▸ **Task item**: Among the entries below, please show each line that carries the word "Jeans".
── Data for this exercise ──
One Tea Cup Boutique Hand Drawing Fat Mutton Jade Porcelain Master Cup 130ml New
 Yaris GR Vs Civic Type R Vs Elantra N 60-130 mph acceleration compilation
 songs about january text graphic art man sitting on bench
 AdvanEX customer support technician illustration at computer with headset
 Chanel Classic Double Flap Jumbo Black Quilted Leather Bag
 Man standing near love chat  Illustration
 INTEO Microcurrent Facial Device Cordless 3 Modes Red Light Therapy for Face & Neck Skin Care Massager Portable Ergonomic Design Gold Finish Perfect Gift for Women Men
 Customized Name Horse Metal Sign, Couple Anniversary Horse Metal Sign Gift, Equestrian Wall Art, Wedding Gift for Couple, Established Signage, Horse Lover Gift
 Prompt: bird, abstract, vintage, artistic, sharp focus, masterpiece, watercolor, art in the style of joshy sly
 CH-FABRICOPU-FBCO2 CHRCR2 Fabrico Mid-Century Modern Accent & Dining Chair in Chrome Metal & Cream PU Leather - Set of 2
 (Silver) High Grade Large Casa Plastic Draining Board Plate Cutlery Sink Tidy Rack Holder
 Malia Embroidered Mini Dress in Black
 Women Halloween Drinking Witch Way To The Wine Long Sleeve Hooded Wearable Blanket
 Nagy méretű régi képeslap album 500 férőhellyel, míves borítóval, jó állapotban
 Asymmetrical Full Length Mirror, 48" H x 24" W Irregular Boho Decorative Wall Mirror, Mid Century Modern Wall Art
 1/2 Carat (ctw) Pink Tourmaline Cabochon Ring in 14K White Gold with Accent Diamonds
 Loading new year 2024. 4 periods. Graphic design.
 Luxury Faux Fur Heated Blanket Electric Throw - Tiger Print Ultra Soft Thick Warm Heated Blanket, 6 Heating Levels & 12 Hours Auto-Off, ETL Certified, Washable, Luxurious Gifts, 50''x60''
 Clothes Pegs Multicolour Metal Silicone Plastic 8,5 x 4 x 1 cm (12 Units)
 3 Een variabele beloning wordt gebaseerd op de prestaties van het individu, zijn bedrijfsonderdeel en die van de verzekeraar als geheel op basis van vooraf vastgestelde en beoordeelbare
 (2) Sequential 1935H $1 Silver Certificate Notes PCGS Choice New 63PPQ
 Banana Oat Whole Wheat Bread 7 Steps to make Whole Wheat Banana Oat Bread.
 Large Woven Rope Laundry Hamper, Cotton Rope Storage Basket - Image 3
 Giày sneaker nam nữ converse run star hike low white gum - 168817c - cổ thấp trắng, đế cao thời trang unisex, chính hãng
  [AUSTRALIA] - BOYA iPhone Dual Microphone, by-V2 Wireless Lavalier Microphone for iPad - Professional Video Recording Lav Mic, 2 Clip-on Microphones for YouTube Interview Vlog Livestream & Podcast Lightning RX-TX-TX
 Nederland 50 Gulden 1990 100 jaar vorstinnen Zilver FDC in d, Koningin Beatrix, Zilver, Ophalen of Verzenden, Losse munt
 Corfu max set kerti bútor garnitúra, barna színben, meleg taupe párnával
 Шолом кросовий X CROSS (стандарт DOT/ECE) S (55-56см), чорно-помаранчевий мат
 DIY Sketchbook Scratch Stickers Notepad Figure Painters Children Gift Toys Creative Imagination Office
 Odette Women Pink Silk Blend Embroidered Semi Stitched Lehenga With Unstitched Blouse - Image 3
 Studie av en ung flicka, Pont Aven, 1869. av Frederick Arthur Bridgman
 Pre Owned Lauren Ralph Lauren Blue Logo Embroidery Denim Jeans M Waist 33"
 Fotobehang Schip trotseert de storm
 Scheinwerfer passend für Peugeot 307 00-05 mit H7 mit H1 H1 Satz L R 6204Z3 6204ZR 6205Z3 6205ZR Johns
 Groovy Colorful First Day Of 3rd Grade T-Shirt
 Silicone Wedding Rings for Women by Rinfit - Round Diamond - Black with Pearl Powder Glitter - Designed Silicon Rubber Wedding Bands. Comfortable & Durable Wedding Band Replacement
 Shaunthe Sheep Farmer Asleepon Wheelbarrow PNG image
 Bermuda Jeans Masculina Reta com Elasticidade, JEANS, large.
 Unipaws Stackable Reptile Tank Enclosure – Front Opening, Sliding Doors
───
▸ **Answer to this exercise**:
 Pre Owned Lauren Ralph Lauren Blue Logo Embroidery Denim Jeans M Waist 33"
 Bermuda Jeans Masculina Reta com Elasticidade, JEANS, large.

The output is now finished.